And that's when the FBI adopted a strategy that would change the way it conducted investigations forever: the Sting operation. You've probably seen it again and again in TV and movies. — You'd have an undercover informant who'd have this briefcase. — You alone?

Just me and this. And it'd be empty, but the guy he's handing it to thinks it's full of cocaine. And as soon as he hand over the briefcase, the FBI storms in and arrests the person. Miami Vice, you're under arrest. Turn around and put your hands on the bar. You're a cop? April Fool. The drug sting was more than just a fun setup for cop shows. It got results and headlines for the FBI.
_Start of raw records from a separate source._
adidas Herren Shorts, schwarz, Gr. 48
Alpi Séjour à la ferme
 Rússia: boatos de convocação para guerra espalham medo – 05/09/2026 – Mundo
Headlines meant promotions for the agents and prosecutors and the prospect of high-paying jobs in the private sector. It also meant more funding for the Bureau, and that meant more informants on the payroll. Some viewed these stings as entrapment, as the FBI tricking people into committing crimes they otherwise wouldn't.

But on the other hand, the FBI was getting drug dealers off the streets. — These sting operations that the FBI was using in drugs, which overwhelmingly targeted people of color, Black men in particular, were seen as all right. It's okay that you set this guy up in a crime because we're really worried about drugs.

While the drug war raged, the number of FBI informants ballooned. But then, on September 11, 2001, America was attacked. And the FBI would turn all the infrastructure and know-how it had built during the war on drugs to the war on terror. After 9/11, you have this enormous explosion where it triples to about 15,000 informants.

They are looking for people who are sympathizers, ready to step over the line to operators. Their job is to find them just as they're making that step over the line.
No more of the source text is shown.